Non voleva credere che in un panorama così catastrofico l’unica cosa che le restasse fosse la speranza. E’ come pensare di mangiare un pacco intero di cioccolatini tutti i giorni e credere di non ingrassare. E’ la stessa cosa.

La speranza insozza ogni cosa. Ti fa credere che aspettare e fare la fila ti porterà da qualche parte. La speranza è subdola, ti fotte perché riesce a far crescere dentro te dei sentimenti fasulli, che nell’atto di sperare diventano addirittura quasi veri.

Possiamo accontentarci di una costruzione?

Più che sperare bisognerebbe credere, che è ben diverso.

Crederci davvero in qualcosa, prima di tutto in se stessi. Da quel momento la bufera non sembra che un venticello assonnato e il cambiamento può attraversarci completamente.

Credere significa corciarsi le maniche e smetterla di aspettare, significa correre verso la meta, non rimanere fermi fino a quando qualcosa magicamente avverrà, significa mettersi in discussione, non abbandonarsi alla retorica ma alla sapienza così come la intendevano i Greci.
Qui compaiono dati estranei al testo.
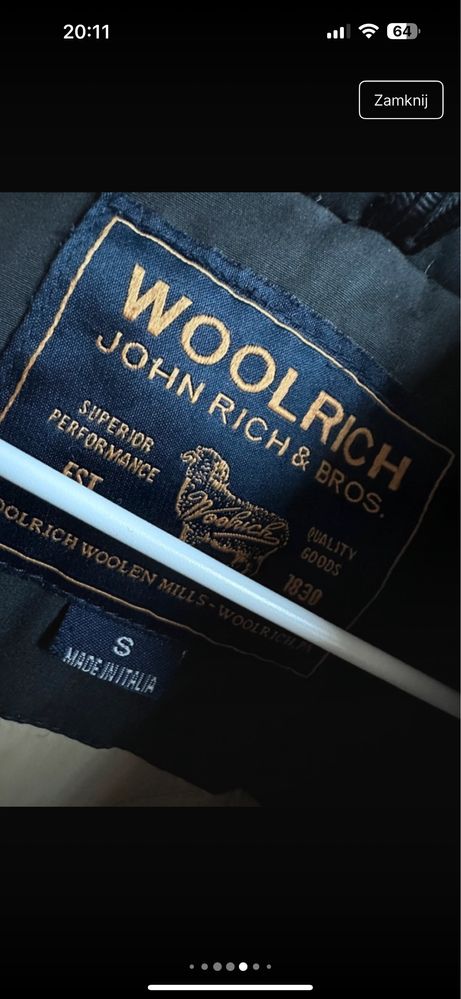 Czarna ocieplana kurtka Woolrich
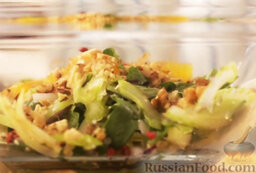 Тосканскии&#774; салат с фенхелем, апельсинами и орешками: Добавить целые горошины розового перца.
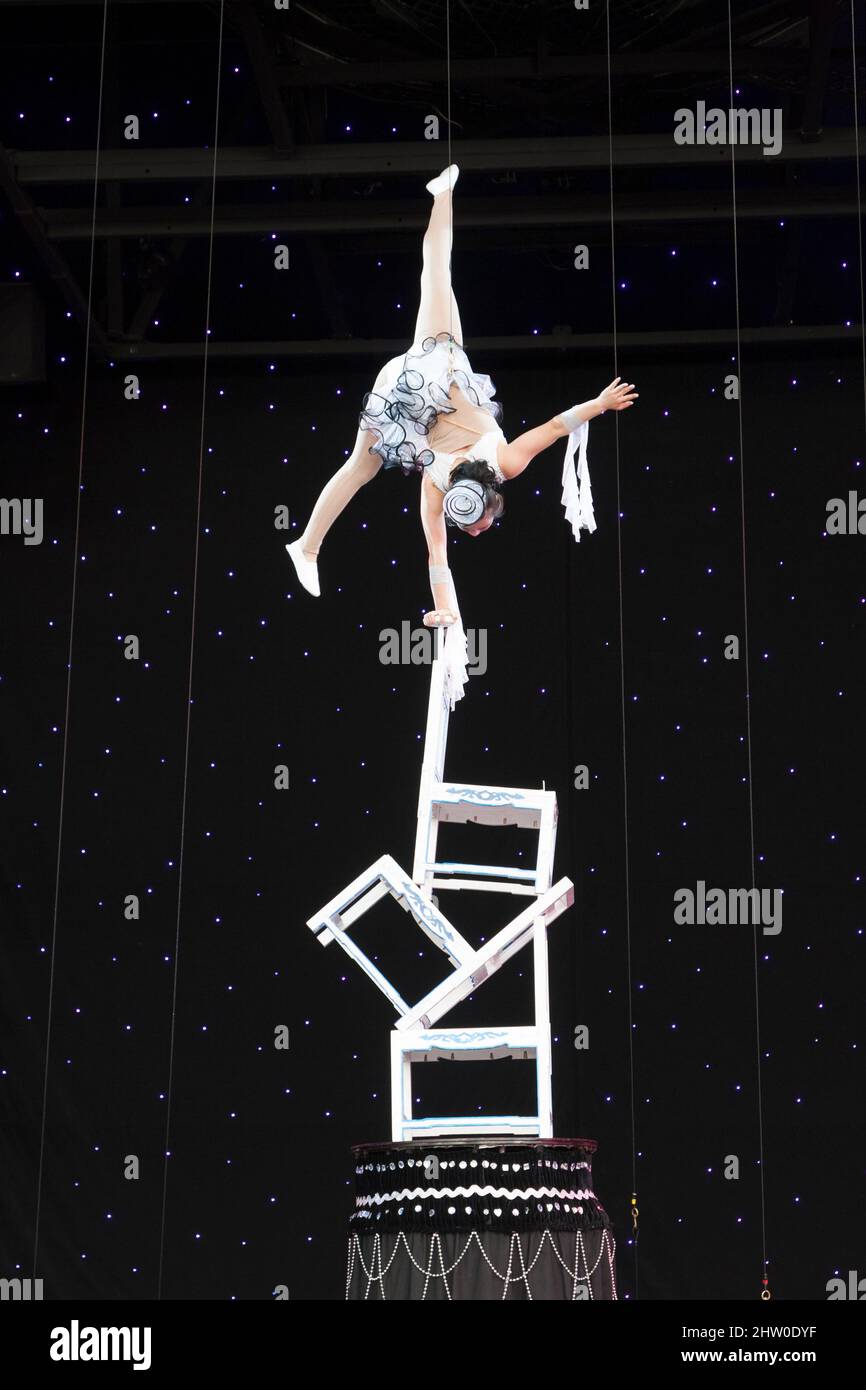 Chinesische Frau Akrobatin Balancing auf Stühlen. Stockfoto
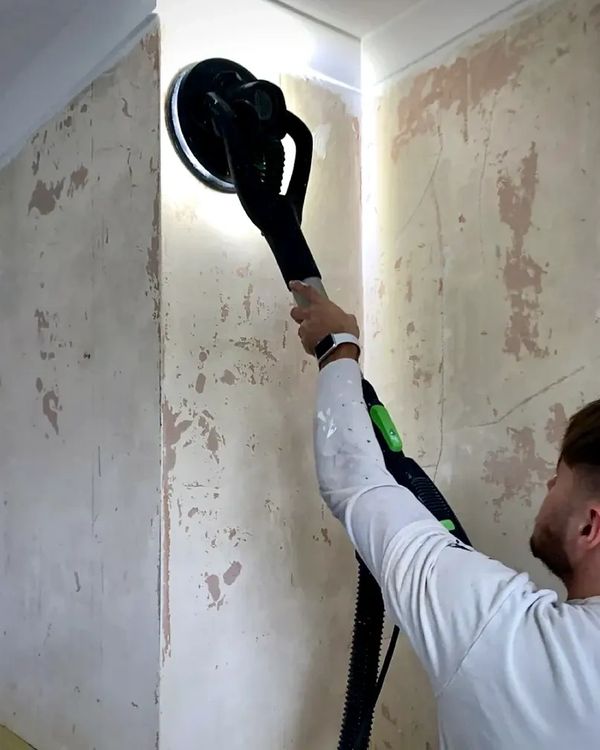 Worcester decorator using dust-free sanding equipment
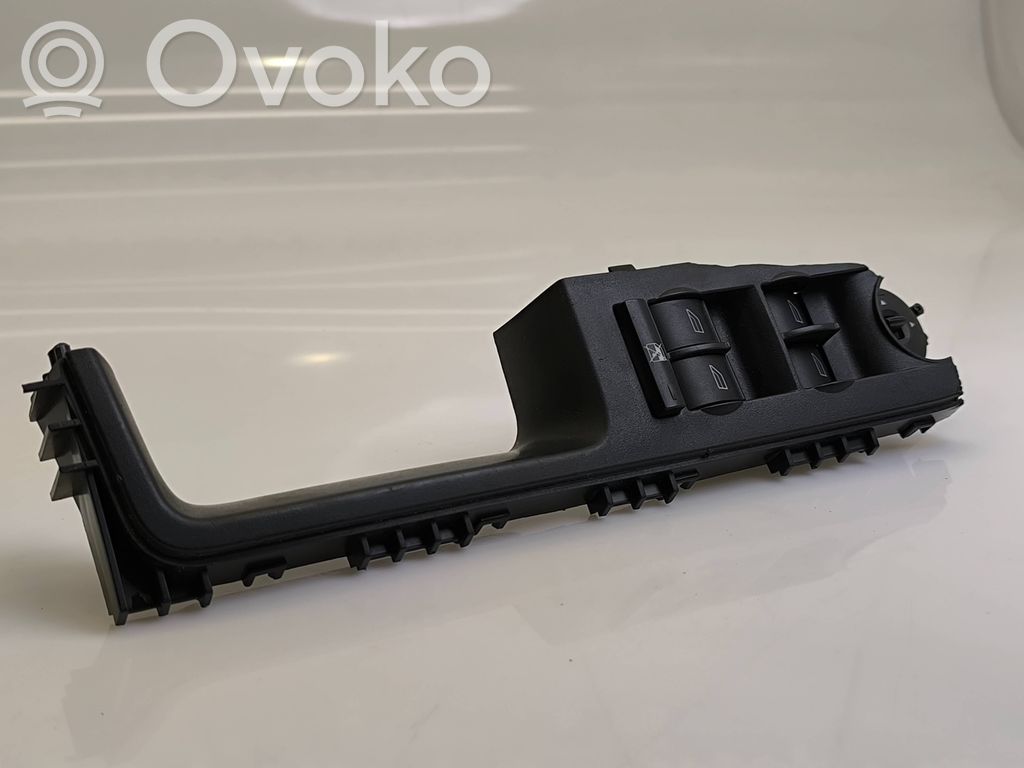 Ford Focus Electric window control switch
Crederci significa smettere di parlare. Smetterla con i perché. Smetterla con il bianco e il nero. Smetterla con le grate e le staccionate. Significa buttarsi a costo di farsi male. Significa soffrire e poi riemergere. Ed è lì la forza.

gaia il giglio e la spina

Non nella speranza. Chi vive di speranza muore disperato. Così diceva sua nonna e lei le credeva.